El Cardenal Koch, Presidente del Consejo Pontificio para la Unidad de los Cristianos, sigue hablando de lo que entiende como “ecumenismo” sin ambigüedades, sin medias tintas, lo que seguro que agradecen muchos protestantes.

 En junio de este año ya fue muy claro refiriéndose a la reforma protestante, diciendo que “no podemos celebrar un
pecado , los acontecimientos que dividen a la Iglesia no pueden ser llamados un día de fiesta”. Lo más positivo que opinó el cardenal fue etiquetar este evento histórico como un día que hay que recordar, pero no celebrar.

En aquella ocasión concluyó que  le gustaría asistir -en lugar de a una celebración de la memoria de la Reforma protestante- a una reunión en la que las confesiones reformadas pidieran disculpas y reconociesen sus errores . 

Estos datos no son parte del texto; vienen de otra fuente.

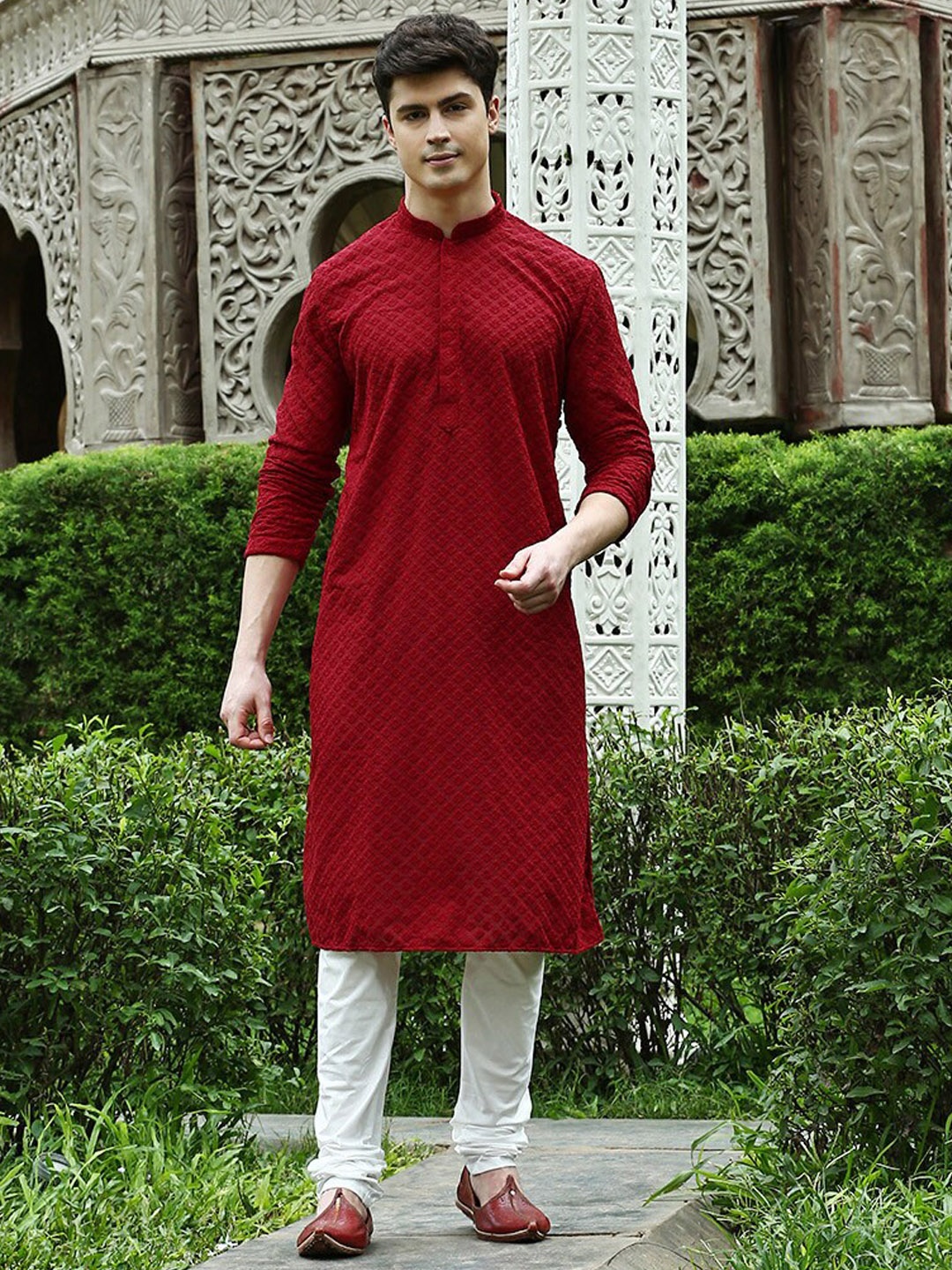 Sanwara Ethnic Motifs Embroidered Regular Chikankari Pure Cotton Kurta with Churidar, Maroon
Sanwara Ethnic Motifs Embroidered Regular Chikankari Pure Cotton Kurta with Churidar, Maroon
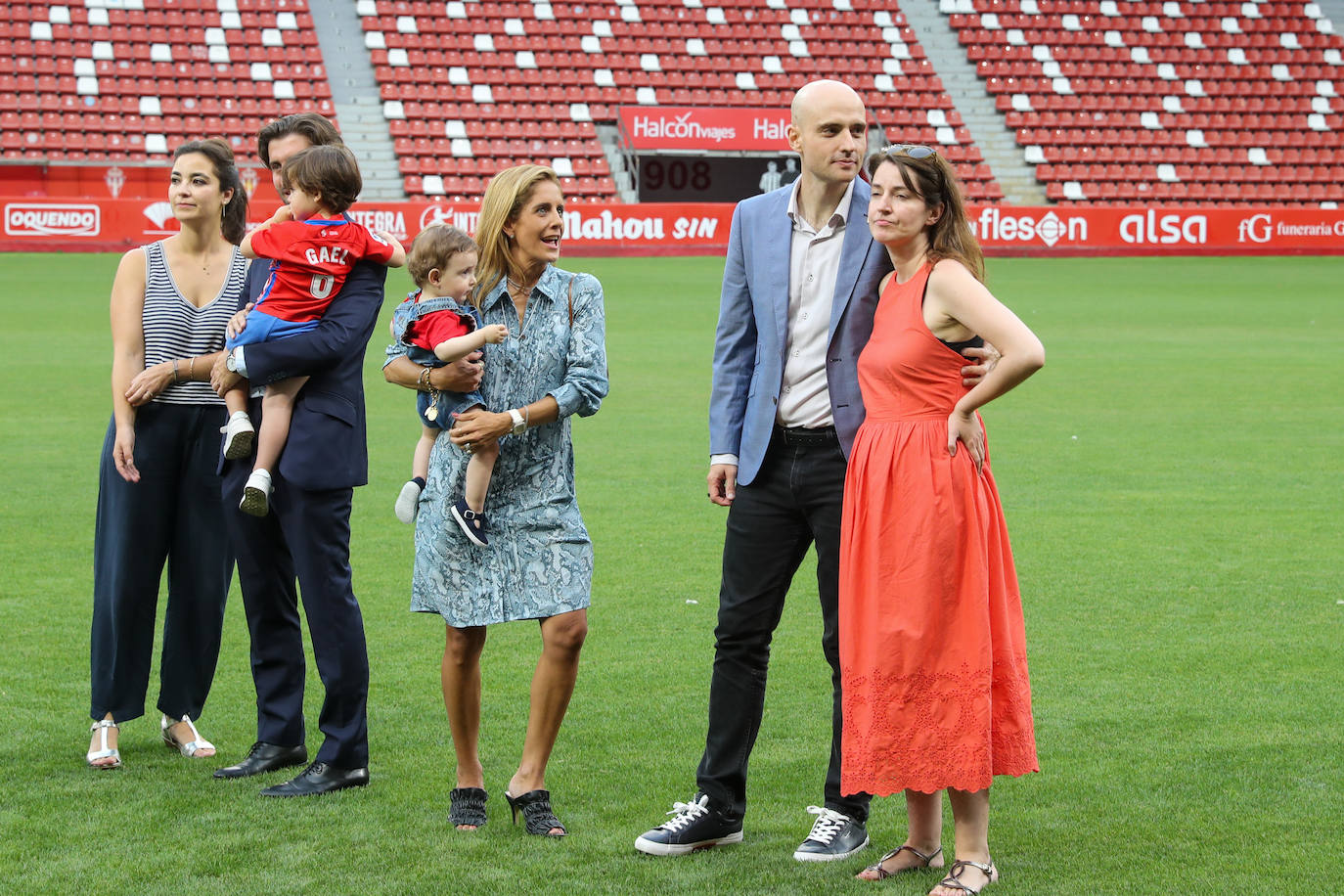 Fotos: Búscate en la presentación de los últimos fichajes del Sporting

Las reacciones no fueron especialmente entusiastas entre quienes se habían creído el ecumenismo católico como un diálogo y acercamiento, y sí con cierta sorna por los muchos que siempre han visto el ecumenismo católico como “la unidad del lobo que quiere devorar al cordero para poder llegar a ser uno”, en palabras de José Cardona, primer secretario ejecutivo de la Federación evangélica española (Ferede).

 NUEVAS DECLARACIONES "ECUMÉNICAS" 
El pasado 2 de noviembre el cardenal Koch  participó en el Sínodo General de la Iglesia Luterana Unida de Alemania (VELKD) , que está al cargo de los preparativos de la celebración de los 500 años de la Reforma protestante en 2017.

Dos días después del simbólico 31 de diciembre, que recuerda el inicio de la Reforma en todo el mundo, delante de aquellos con quienes busca la unidad declaró que “ la separación de las iglesias protestantes de la Iglesia no es una expresión de éxito, sino el fracaso de la Reforma . Los reformadores no querían nuevas iglesias, más bien la reforma de la Iglesia Católica”.

Terminaron las sesiones con propuestas para que la Iglesia asentada en el Estado Vaticano y la Federación Luterana Mundial promuevan el ecumenismo con las iglesias pentecostales, algo que no parece fácil en la línea que está marcando tan claramente el cardenal Koch.

 Además de ver la Reforma como un fracaso, concluyó Koch planteando esta otra cuestión a sus oyentes, y de paso a todo evangélico o protestante que quiera ecumenismo con Roma: hay que elegir entre «considerar la Reforma como una ruptura con la tradición universal (católica) o en continuidad con la tradición». 

Por si no había quedado claro, o a mayor satisfacción del Cardenal Koch, afirmó que el ministerio de los obispos proviene de la sucesión apostólica, un elemento clave de eclesiología de la ICR y del que se derivan otros muchos aspectos que separan la doctrina católica de la protestante, y del que con optimismo espera «una declaración conjunta en los próximos 30 años».

 RESPUESTA PROTESTANTE 
 En la réplica el obispo luterano Heinrich Bedford-Strohm (Munich) tampoco se quedó en medias tintas y le preguntó si no pensaba que la Iglesia del Vaticano no debería pensar en reformarse en su camino hacia la unidad. 

En este aspecto, remarcó que «es necesario reflexionar juntos sobre la base de la iglesia apostólica primitiva» y no sobre los fundamentos del catolicismo romano.